Absolutely the forum is to share experiences. That's never going to stop me from looking for information wherever I can find it, and sharing whatever I find useful no matter where it came from. We can discuss stuff here, even if we found it somewhere else.





> Articles, while extremely informative and helpful fall short when it comes to some things. Besides, if you were looking for articles alone, one would go to a dedicated website and not a forum, true?



No need to have one and not the other. Articles form starting points for discussions on recurring topics. I've referred people to John's Gray Tree Frog care article dozens of times AND at the same time tried to contribute to anything not covered in the article that the inquirer was interested in. Articles can form a valuable repository of useful data and draw people into discussion. I probably would never have even bothered registering on Frog Forum if it wasn't for John's care article.

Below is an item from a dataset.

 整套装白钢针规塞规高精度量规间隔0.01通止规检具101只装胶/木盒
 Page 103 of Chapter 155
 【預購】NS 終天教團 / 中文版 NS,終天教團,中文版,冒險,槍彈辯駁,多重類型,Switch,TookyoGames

> And please don't forget, sometimes particular topics don't get a lot of activity due to lack of info. If there more diversity of the information alotted, maybe there would be more activity? I.e. lurkers becoming involved members? These are just observations i have picked up along the way in the many forums i belong to. Remember, the forum is only s strong as it's membership.



If you make the space, someone will fill it? I'm just of the opinion that the Do It Yourself stuff fits under the appropriate and already existing categories. I'm not the boss though :Smile:

----------


## bill

> Bill,
> I'm a planning a dart viv. ( proven pair or small group ) 
> Sadly I will not be ready by then. In fact, don't even know what I want yet. 
> I do know I want one on the larger side and that might use the height a bit.
> 
> Probably will get an exo-terra  36" wide 18 or 24 high- that should do it! ( nice for a group) 
> or 
> 2- 24" W 18 high and 2 different species
>  see, see what happens   
> ...


leucomelas will use the height. but i have also had discusions with folk who say their leucs only used the vertical spaces while they were young, but when they became sub adults, they stayed mostly in the teresstrial portion of the enclosures. but as we all know, all froggies are different, just like peoples  :Smile:

----------


## bill

all valid points.  :Smile:  i guess my position on articles vs. forums is that if you don't understand something in an article, that's it. you are kind of screwed. i mean, yes, some articles allow you to comment, but if a question is asked, it rarely is ever answered, or you are directed to the forum (i've seen it even on this forum)  now, put the same info into a post on a forum and people can ask questions that can be answered by not only the op, but other members as well. i always thought that open dialogue is the best way to obtain information. 

oh, and i agree, John and Don's care sheets are top notch!! i have seen quite a few care sheets out there, and theirs simply blows the others away.

----------


## steampunk

Im up for seeing a Do It Yourself section as im currently writing a set of instructions on waterfall construction because there is simply not much information avaliable on it. If there was a Do It Yourself section it would be easy to post my info for people (as im a little confused on where to post the finished product?) lol. 
Maybe make it general, as i've read loads of Do It Yourself forums on enclousres and you can often take ideas from different people, or maybe simply don't think of something if you are specifically looking for a certain species.

That's my two cents lol.

----------